The prosecution says Donald P. Williams Jr. of Austintown should go to prison for 18 years for driving a semi truck while using a drug for which he had no prescription and crashing into a car, killing three Marine Corps recruits.

The defense says that Williams, 46, of Bainbridge Avenue, has never been to prison before and hadn’t been in trouble with the law for nine years before the March 31, 2010, accident.

It happened on state Route 5 at the Burnett Street intersection just west of Warren.

The defense asks for a prison term of 61/2 years.

Williams pleaded guilty earlier to 10 charges, including three counts of aggravated vehicular homicide, three counts of aggravated vehicular assault, three counts of vehicular assault, and one count of drug possession.

His sentencing in Trumbull County Common Pleas Court is set for 1:30 p.m. next Wednesday before Judge Andrew Logan.

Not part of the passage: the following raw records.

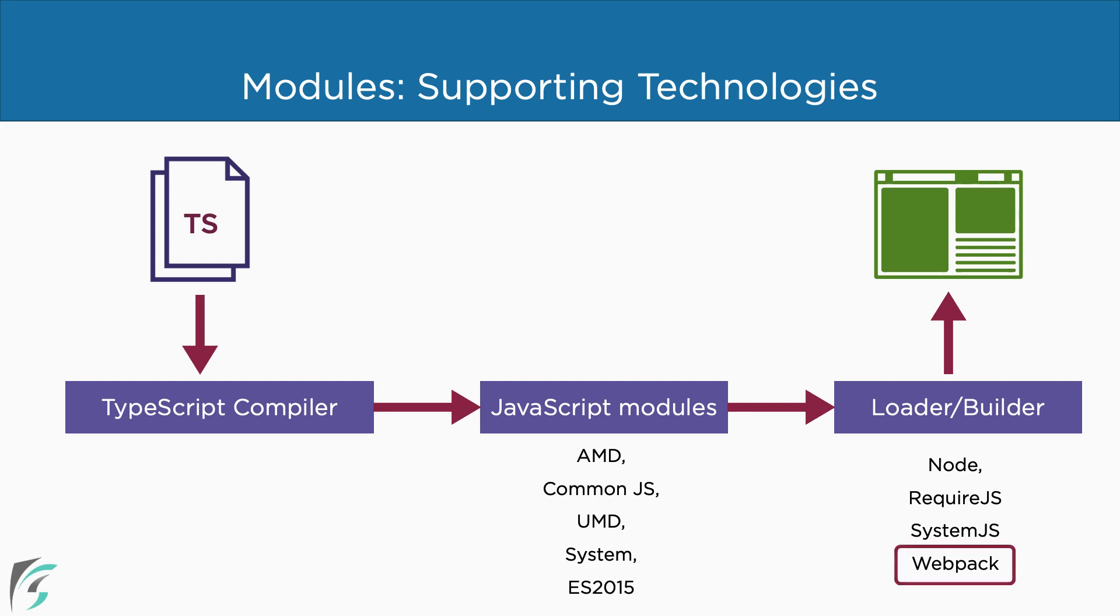In our demo app, we will use webpack. Now let us move on to the syntax required to use modules in TypeScript.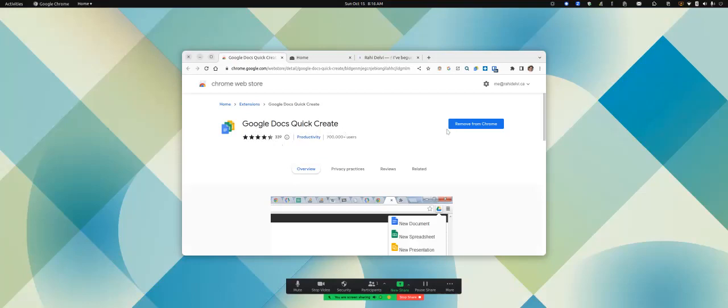When you install the extension, it gives you a menu of being able to create a new document, a new spreadsheet, a new Google slide, a new Google drawing, or a new form.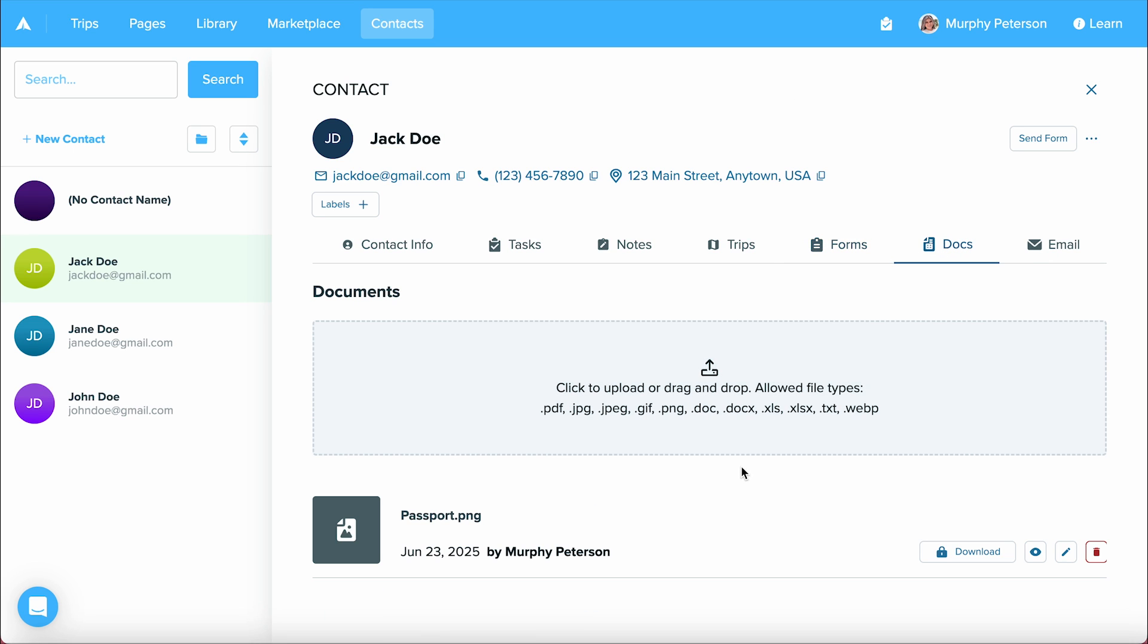Then we have docs. This is a very secure area where you can upload any documents that you need for your contact, such as photos of their passports, driver's license, whatever it may be. Again, this is very secure. You do have to put in your password in order to view these documents.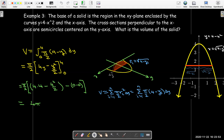Next we're going to look at special solids called solids of revolution. But the idea is still going to be the same: calculate the volume of a slice, find a formula for the area of the cross section, add up the volumes of all the slices, take the limit, and that gives a definite integral to calculate the volume.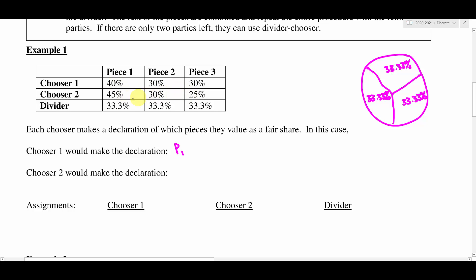Chooser two does the same thing and also says piece one is a fair share. So then we go to assignments — is there a nice way to assign these pieces of cake? As it turns out, there is not. So piece two or piece three could be given to the divider. We give piece three to the divider and tell him he's done. Then we recombine piece one and piece two, and the two choosers would do the divider-chooser method between just the two of them with that remaining cake.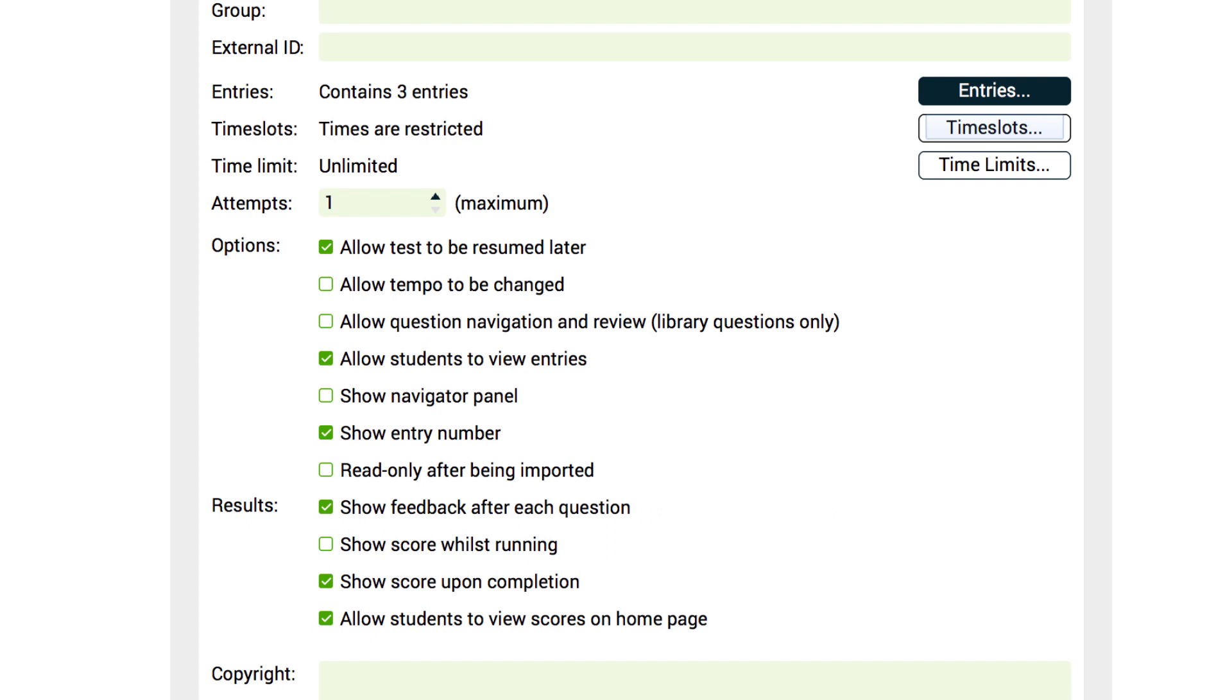Many teachers allow their students to take tests multiple times, especially if they are worksheets. The results from each attempt are stored separately. When you look at the reports, there are numerous ways you can view these results: best attempt, worst attempt, or combined attempts.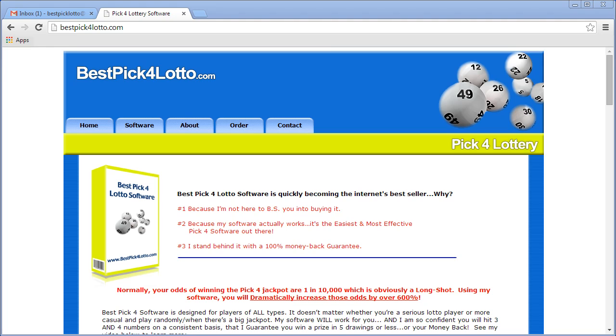Hi everyone, this is Biagio again for Best Pick Lotto software. Today I'm going to be showing you how to log in and change your password for Best Pick 4 Lottery software.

The pros- ecution and defense filed sentencing memoranda with the court Monday laying out the case for Williams’ punishment.

The prosecutor’s office cites Dr. Laureen Marinetti of the Montgomery County Coroner’s Office, who found that Williams’ body had double the amount of Valium in it that is necessary to cause a “significant reduction in alertness and performance combined with increased sleepiness.”

The driver videocam showed that Williams “showed no reaction to the upcoming traffic situation” just before crashing into the stopped Pontiac G6 containing the recruits and instead “appears to stare as if hypnotized, which is a classic effect of the drugs that [Williams] consumed,” the prosecutor said.

Lt. Jack Holland of the Ohio State Highway Patrol, furthermore, reported that he had never seen, during 48 years as a highway patrolman and accident reconstructionist, anyone travel so far “causing such damage and destruction without hitting his brake before or after the initial impact.”

His tractor truck traveled 581 feet with no braking, injuring 12 people in all, prosecutors said.

The defense points out that Williams “suffered what can only be described as a traumatic childhood,” with a mother who was addicted to drugs and who went to prison for robbery when Williams was very young.

His father was in the U.S. Air Force, serving in Vietnam and suffering from a severe case of post-traumatic stress disorder, leaving him unable to care for Williams.

“As a result, Mr. Williams was placed in a foster home where he was beaten by his foster parents. The defendant sought help from a juvenile court judge and was thereafter removed from the foster family and placed in a military-based facility where he remained from age 10 to 18,” the memorandum says.

The defense notes that Williams’ criminal history dates mostly from his youth, “and all are related to drugs and alcohol.”

“The defendant is genuinely remorseful for having caused the accident that hurt so many people, and the defendant has accepted responsibility for his actions.”

The prosecution notes that Williams falsified his employment application to work for Strimbu Trucking of Brookfield in January 2007, lying about his license having been suspended, about whether he’d ever been convicted of driving under the influence of alcohol and/or drugs, and whether he’d ever been referred to a substance-abuse professional.